BERLIN - „Ich bleibe der Landesregierung verbunden. Das war kein Job wie jeder andere. Ich war immer mit Freuden dabei“, sagt Staatssekretär Wolfgang Gibowski, Bevollmächtigter des Landes Niedersachsen beim Bund. Ab Donnerstag ist Schluss. Dann gibt der 68-Jährige die Leitung der Landesvertretung Niedersachsen in Berlin nach sieben Jahren in andere Hände. Nachfolgerin ist Martina Krogmann aus Stade, bisher CDU-Bundestagsabgeordnete und Parlamentarische Geschäftsführerin der CDU-Bundestagsfraktion.
Gibowski hinterlässt ein bestelltes Haus. In Berliner Politikkreisen genießt er höchste Wertschätzung, ob im Bundesrat, Bundestag oder in den Botschaften verschiedenster Länder. Sein Wort hat Gewicht, nur spricht er nicht selber darüber.
Beruflich hatte Wolfgang Gibowski eigentlich immer mit Politik zu tun. 1974 gründete er die Forschungsgruppe Wahlen (FGW), ein Institut für Wahlanalysen und Gesellschaftsbeobachtung, dem er gemeinsam mit zwei Kollegen bis März 1991 vorstand. Und als langjähriger Chef des Presse- und Informationsamtes der Bundesregierung kennt er das politische Geschäft genau.

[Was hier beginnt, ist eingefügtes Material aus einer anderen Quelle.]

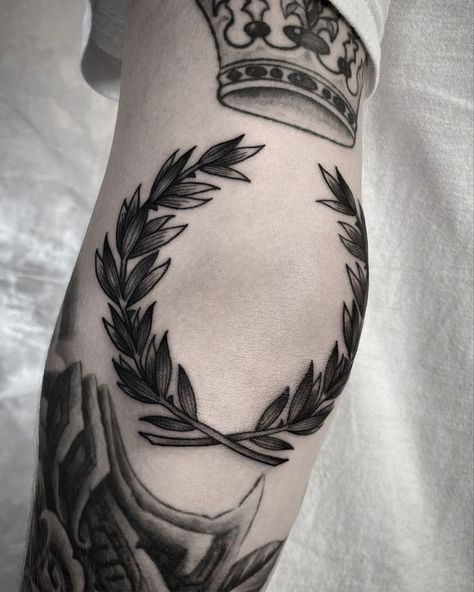 Laurel Tattoo, Olive Tattoo, Wreath Tattoo, Bird Tattoo Wrist, Wrist Tattoos For Guys, Elbow Tattoos, Half Sleeve Tattoos For Guys, Neck Tattoo For Guys, Fire Tattoo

Irgendwann bekam der gebürtige Mannheimer Kontakt zu Christian Wulff, „den ich schon immer für einen vorzüglichen Politiker gehalten habe“, wie Gibowski sagt. Er bringt schließlich 2002 in Wulffs Wahlkampf seine Kenntnisse über das Wählerverhalten ein, Wulff wird Ministerpräsident, Gibowski im März 2003 Chef der Landesvertretung in Berlin, Niedersachsens Botschafter.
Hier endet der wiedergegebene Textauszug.